Goals from BSPs and BIPs often focus on safety as BIPs and BSPs are often created when there has been a fight, things throw, a running away incident, or a threat of self-harm– something that triggers an oh crud reaction and gets the team to really zero in on what is going on with a student. They can also be written for things like work refusal, but that just tends to be a bit less common.

As a result, the challenge in the goals is to focus on the positive behavior you want to see NOT the negative behavior you want to go away. Like, you don’t write a goal that says, “Liam will run away from school one or fewer times between now and the next IEP date.”

Instead, you would write something like, “When Liam is feeling overwhelmed and a need to escape at school, he will, given pre-teaching and two or fewer adult prompts, identify that feeling, choose, and use a strategy to help him manage his emotions such as using a break card and taking five minutes in the classroom break area.”

This is a long and messy goal because it is trying to hit all of the things you will work on in the next year– identifying strategies, identifying feelings, using strategies when needed.
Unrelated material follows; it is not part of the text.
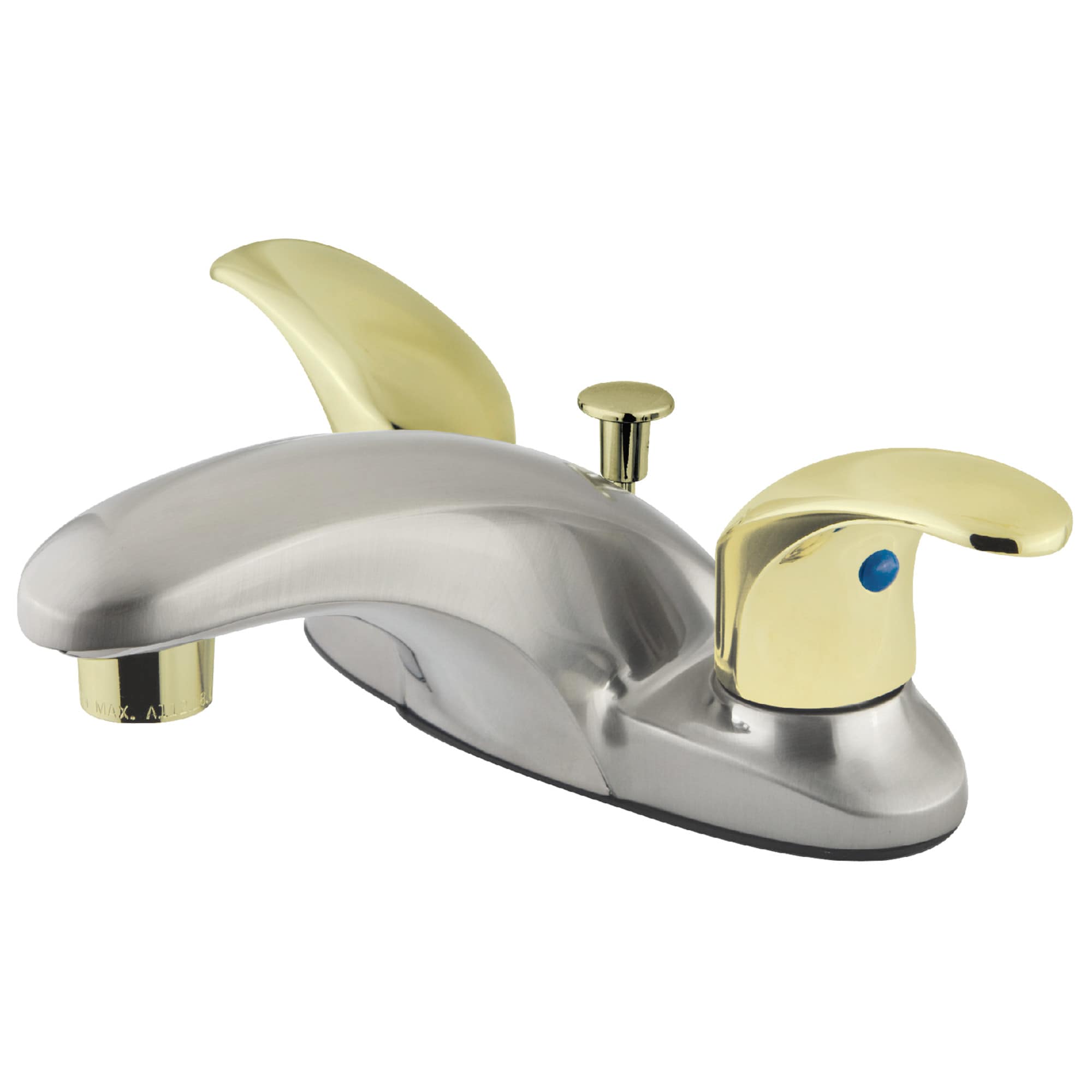 Elements of Design EB6629LL Daytona Brushed nickel/polished brass 4-in centerset 2-handle Low-arc Residential Handle Bathroom Sink Faucet with Drain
But the point of the example is that it focuses on what you want the student to do–not what you don’t want to see!

What can I find BSP and BIP templates and examples?

There are some sites with amazing BIP and BSP resources. Here a few!

  • PBIS World has an entire page of downloadable BIPs for many different behavioral challenges that you can edit.  Note: Only the ones labeled PBIS World BIPs work– the others are mostly dead links.
  • It is a blank form, but DC Public Schools has a pdf of their BIP form so you can see what a form looks like and what should be on it.
  • Carolyn Webster Stratton also has a multipage handout with a full BIP example in it that is super useful.
  • North Metro GNETS has a worked through BIP example too.
  • The Kalamazoo district also has a completely worked through BSP to work off of!
  • And, finally, so does Vanderbilt

Note that each of the worked through BSP/BIP examples have slightly different formatting but the essential content is pretty consistent!

How do you monitor and update a BSP or BIP?

In order to work, BIPs and BSPs have to be living documents. A student’s behaviors are not going to look the same in a year– nor is the student likely to have the same exact triggers!

One of the most important parts of a BSP or BIP is the plan for monitoring. How will you know if the plan is succeeding or failing? If it is failing, how will you adjust it? Spell out the plan for following up and for monitoring in the creation meeting and then stick to it!

It is incredibly common to get new students on your caseload with a BSP that was written three years ago and has never been touched. That is about the most useless piece of paper out there. Here are some things you can do to avoid that:

  • Plan for interim IEP meetings to check in on the plan and update it. These can be brief (mine are often under 30 minutes) and allow the team to check in.
  • If you don’t want to meet, plan for IEP amendments. IEP amendments are changes made to IEPs (like updating parts of a BSP or BIP) without a meeting. To do an amendment, you need to send the parent notification in writing of the plan to amend and, if they agree, you then send them the amended IEP to sign. This is perfect for a BSP that is working or for minor changes. If the plan is failing, you probably want to get the team back together!
  • Set measurable benchmarks for success. Regularly communicate with the family (and the student!) so they know whether you are hitting the benchmarks or need to adjust course.
  • For BIPs/BSPs that are working, have a plan of the next behavior you want to target. BIPs and BSPs are written to target only a few specific behaviors and you should have a  much longer list than that from your FBA!
  • For BIPs/BSPs that are not working, go back to your FBA. Was the function of the behavior wrong? What about the replacement behavior? Is it meeting the same need for the student or not? What about the teaching of the replacement behaviors– is that happening enough? What about reinforcement? Does that student actually want that? What about the environment? Is there something going on that you missed? Are there more related services you can bring in that you missed?